#### DIRECTIONS FOR THIS TASK
Verbatim output of the lines below is required, with the images omitted.

[EXERCISE DATA Boundary: Start]

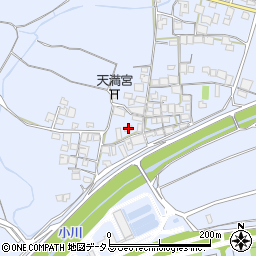 兵庫県加古川市平荘町養老585周辺の地図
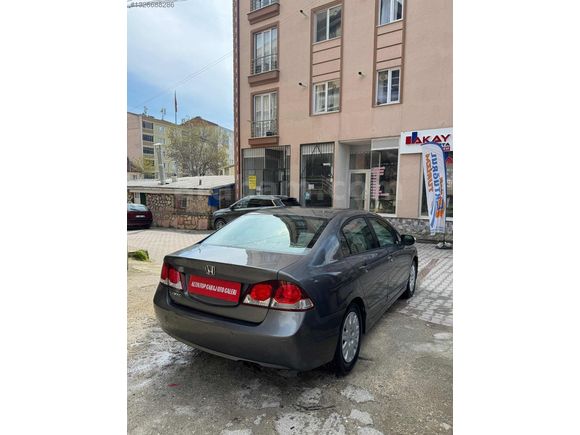 ALTINTOP GARAJDAN 87BİNDE HONDA CİVİC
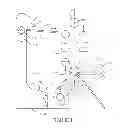 Fig. 02 - ELECTRIC GENERATOR POWERED BY BUCKET CONVEYOR DRIVEN BY MASSIVE BUOYANT OBJECTS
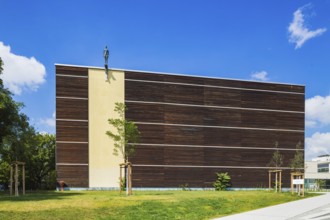 Swimming and diving hall Freiberger Platz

[EXERCISE DATA Boundary: End]

#### OUTPUT BELOW
 兵庫県加古川市平荘町養老585周辺の地図
 ALTINTOP GARAJDAN 87BİNDE HONDA CİVİC
 Fig. 02 - ELECTRIC GENERATOR POWERED BY BUCKET CONVEYOR DRIVEN BY MASSIVE BUOYANT OBJECTS
 Swimming and diving hall Freiberger Platz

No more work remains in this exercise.